## TASK PROMPT
Nothing but the images is to be left out of your exact copy of the entries.

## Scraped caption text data
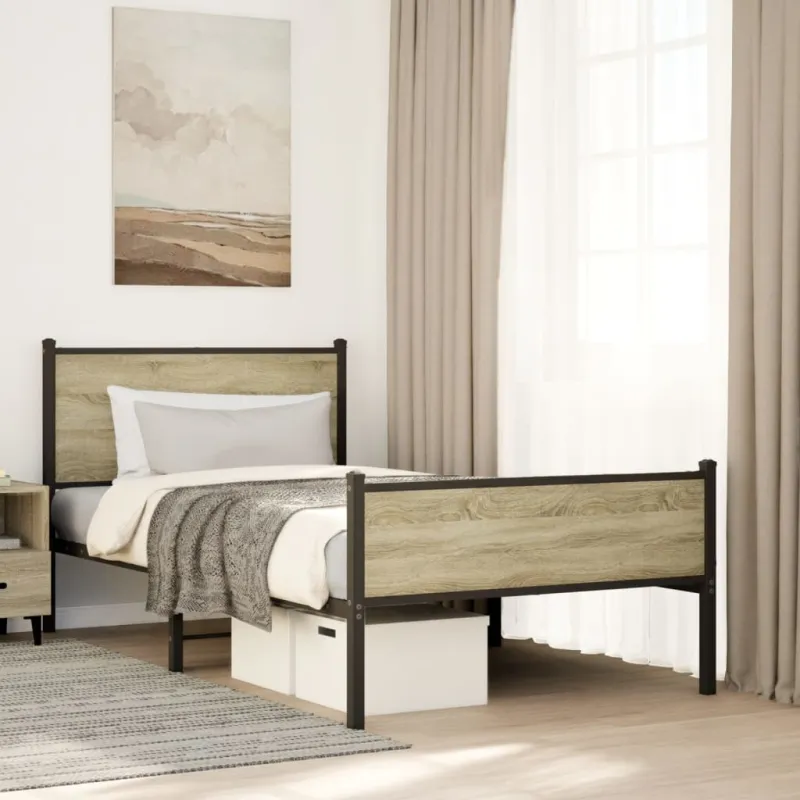 Lovos rėmas be čiužinio, sonoma ąžuolo, 107x203cm, metalas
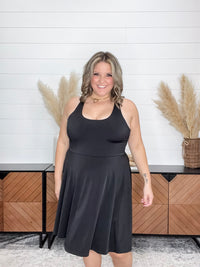 "Darby" Criss Cross Back Dress with Built in Bra
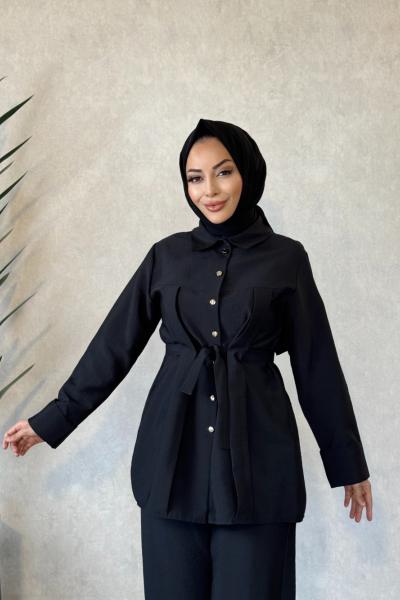 250337 Beli Kuşaklı Şık Pantolonlu Takım Siyah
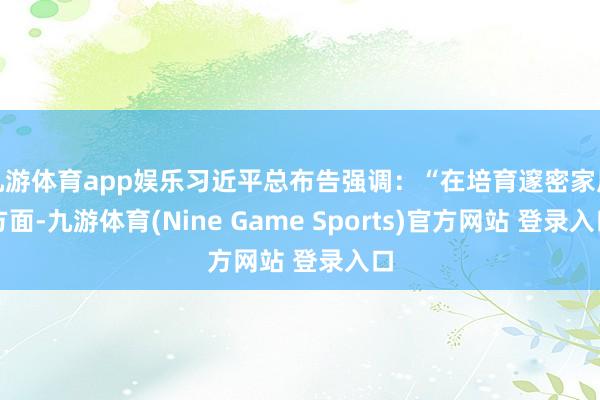 九游体育app娱乐习近平总布告强调：“在培育邃密家风方面-九游体育(Nine Game Sports)官方网站 登录入口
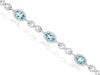 5.36CT DIAMOND & AAA AQUAMARINE 14KT WHITE GOLD 3D OVAL & ROUND TENNIS BRACELET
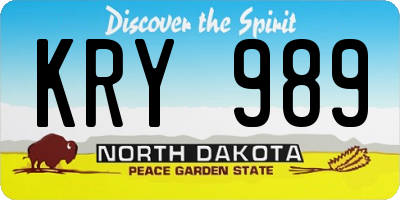 ND license plate KRY989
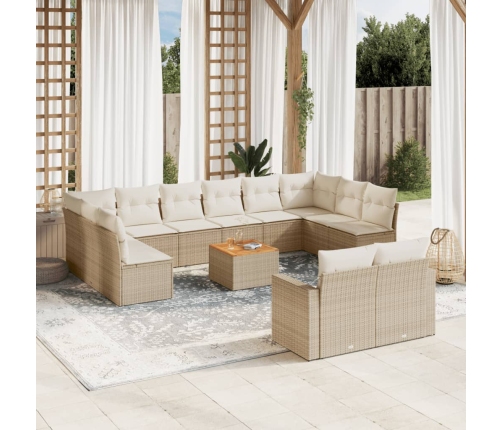 Set sofás de jardín con cojines 13 pzas ratán sintético beige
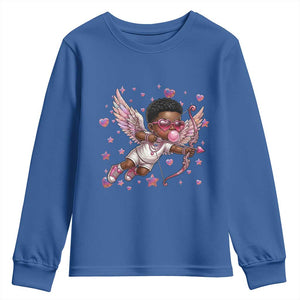 Cute Black Cupid Youth Sweatshirt African American Valentines Day Gift TS12 Royal Blue Print Your Wear
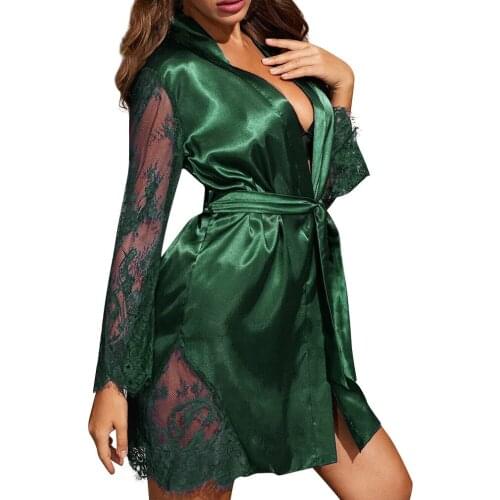 Women Sexy Nightgown Seductive Lingerie Silk Texture Lace Stitching Adjustable Belt Short Style Summer Pajamas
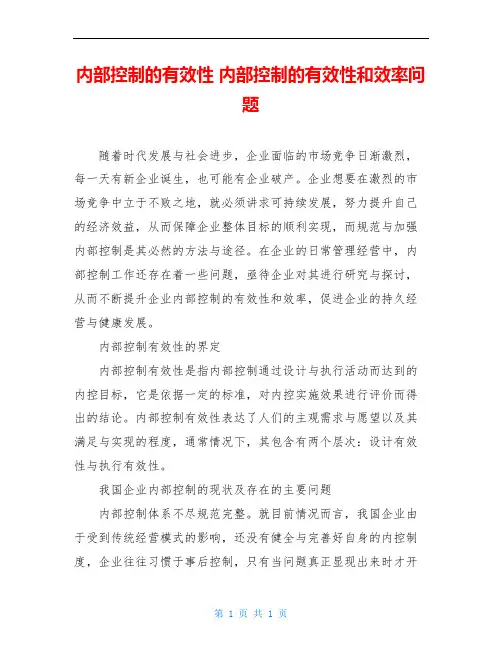 内部控制的有效性 内部控制的有效性和效率问题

## RESPONSE TO THE EXERCISE
 Lovos rėmas be čiužinio, sonoma ąžuolo, 107x203cm, metalas
 "Darby" Criss Cross Back Dress with Built in Bra
 250337 Beli Kuşaklı Şık Pantolonlu Takım Siyah
 九游体育app娱乐习近平总布告强调：“在培育邃密家风方面-九游体育(Nine Game Sports)官方网站 登录入口
 5.36CT DIAMOND & AAA AQUAMARINE 14KT WHITE GOLD 3D OVAL & ROUND TENNIS BRACELET
 ND license plate KRY989
 Set sofás de jardín con cojines 13 pzas ratán sintético beige
 Cute Black Cupid Youth Sweatshirt African American Valentines Day Gift TS12 Royal Blue Print Your Wear
 Women Sexy Nightgown Seductive Lingerie Silk Texture Lace Stitching Adjustable Belt Short Style Summer Pajamas
 内部控制的有效性 内部控制的有效性和效率问题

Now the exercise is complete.